[Start of section]
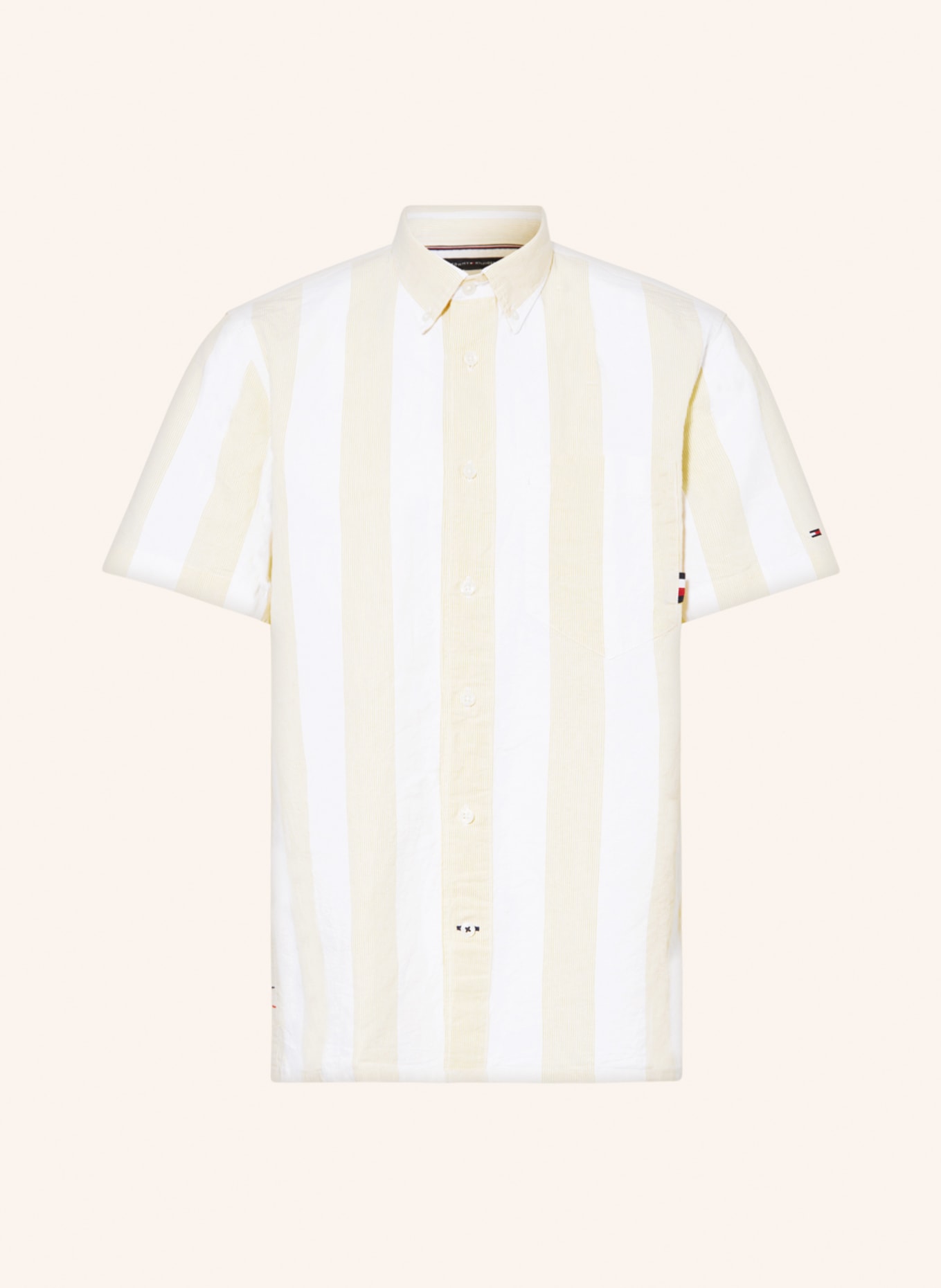 TOMMY HILFIGER Short sleeve shirt comfort fit with linen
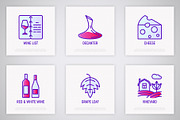 Wine | 16 Thin Line Icons Set, an Outline Icon by Alex Blogoodf (Thumbnail 5 of 9)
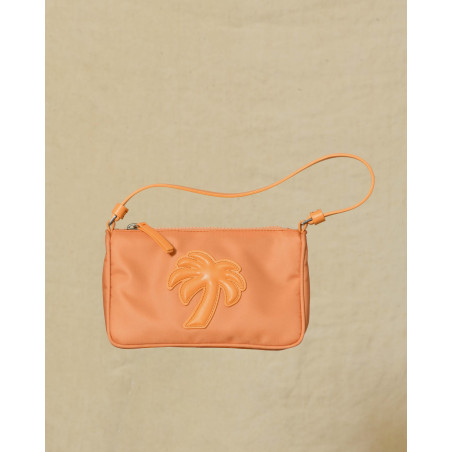 Mini sac porté épaule orange Palm Angels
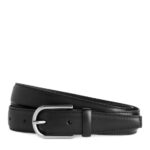 ARKET accessoires 0DXJP836 zwart leren riem vrouwen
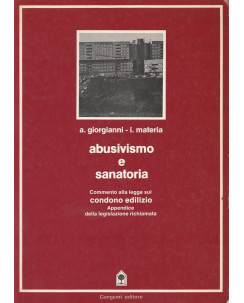 A.Giorgianni I.Materia: Abusivismo e sanatoria  ed.Gangemi  A81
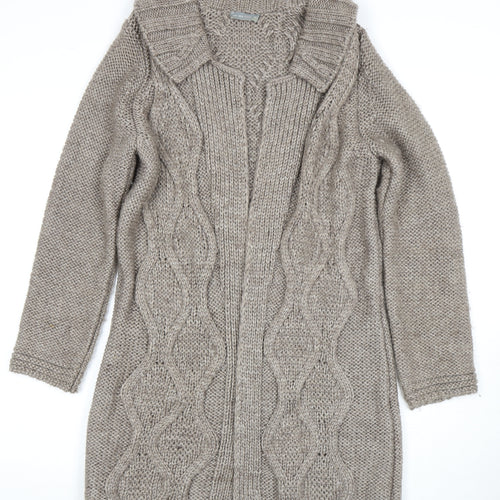 Per Una Women's Beige Cardigan M Wool Blend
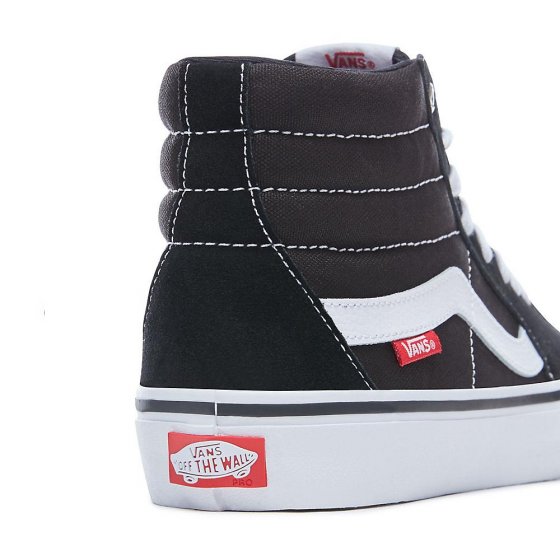 Boty - VANS SK8-Hi PRO - Black/White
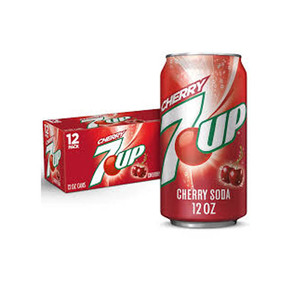 Boîtes de conserve authentiques 7UP Cherry 355 ml, fabriquées aux États-Unis pour les hôtels, les restaurants et les fournisseurs de services de traiteur - Product Image 1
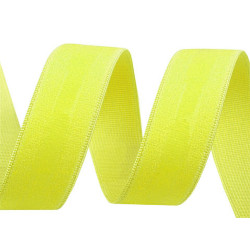 Elastic cu bandă siliconică, lățime 20 mm - Galben verzui strident (5 Metri)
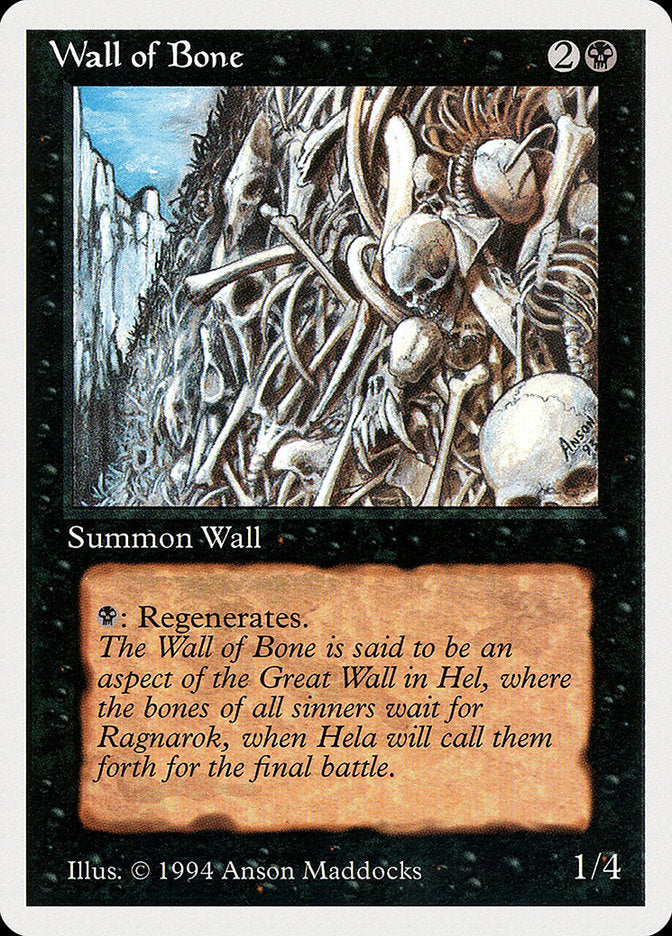 Wall of Bone [Summer Magic / Edgar] | Gamers Paradise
[End of section]
### Try it
Word for word, restate all of the entries above and leave each picture out.

### Problem solution
 TOMMY HILFIGER Short sleeve shirt comfort fit with linen
 Wine | 16 Thin Line Icons Set, an Outline Icon by Alex Blogoodf (Thumbnail 5 of 9)
 Mini sac porté épaule orange Palm Angels
 ARKET accessoires 0DXJP836 zwart leren riem vrouwen
 A.Giorgianni I.Materia: Abusivismo e sanatoria  ed.Gangemi  A81
 Per Una Women's Beige Cardigan M Wool Blend
 Boty - VANS SK8-Hi PRO - Black/White
 Boîtes de conserve authentiques 7UP Cherry 355 ml, fabriquées aux États-Unis pour les hôtels, les restaurants et les fournisseurs de services de traiteur - Product Image 1
 Elastic cu bandă siliconică, lățime 20 mm - Galben verzui strident (5 Metri)
 Wall of Bone [Summer Magic / Edgar] | Gamers Paradise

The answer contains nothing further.